7.1 No unfair treatment will be meted out to a Whistle Blower by virtue of His/her having reported a Protected Disclosure under this Policy. The Company as a policy condemns any kind of discrimination, harassment, victimization or any other unfair employment practice being adopted against Whistle Blower. Complete protection will, therefore, be given to Whistle Blower against any unfair practice like retaliation, threat or intimidation of termination/suspension of service, disciplinary action, transfer, demotion refusal of promotion, discrimination, any type of harassment, biased behaviour or the like including any direct or indirect use of authority to obstruct the Whistle Blower’s right to continue to perform his duties/functions including making further Protected Disclosure. Thus, if the Whistle Blower is required to give evidence in criminal or disciplinary proceeding, the Company will arrange for the Whistle Blower to receive advice about the procedure, etc.

7.2 The identity of the Whistle Blower shall be kept confidential.

7.3 Any other Employee assisting in the said investigation or furnishing evidence shall also be protected to the same extent as the Whistle Blower.

  1. SECRECY/CONFIDENTIALITY

8.1 The Whistle Blower, the Subject, the Whistle Officer and everyone involved in the process shall:

a. Maintain complete confidentiality/ secrecy of the matter;
b. Not discuss the matter in any informal/social gatherings/meetings;
c. Discuss only to the extent or with the persons required for the purpose of completing the process and investigations;
d. Not keep the papers unattended anywhere at any time;
e.

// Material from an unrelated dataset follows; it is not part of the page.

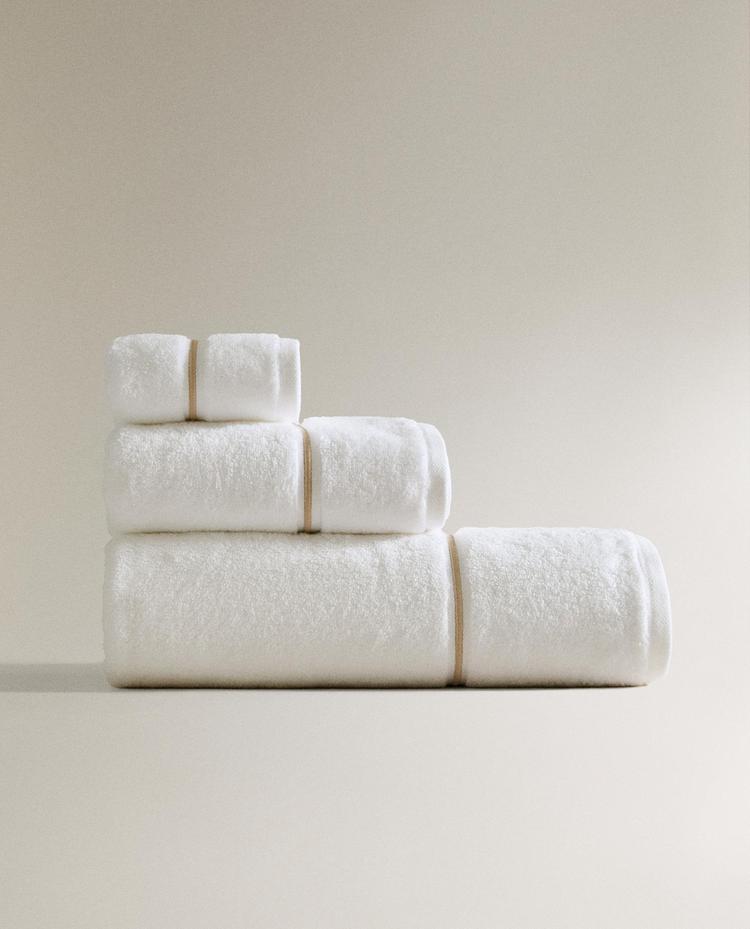 SERVIETTE DE BAIN FESTON BRODÉ SERVIETTE DE BAIN FESTON BRODÉ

Keep the electronic mails/files under password

8.2 If anyone is found not complying with the above, he/she shall be held liable for such disciplinary action as is considered fit.

  1. REPORTING:

A quarterly report with number of complaints received under the policy and their outcome shall be placed before the Audit Committee and the Board. In case, no such complaint is received during the quarter and no previous complaints are pending for disposal, then such reporting is not required.

  1. AMENDMENT

This policy shall be amended from time to time keeping in view to the regulatory amendment in consultation with the Managing Director. In other circumstances, the Board of Directors shall amend the Policy.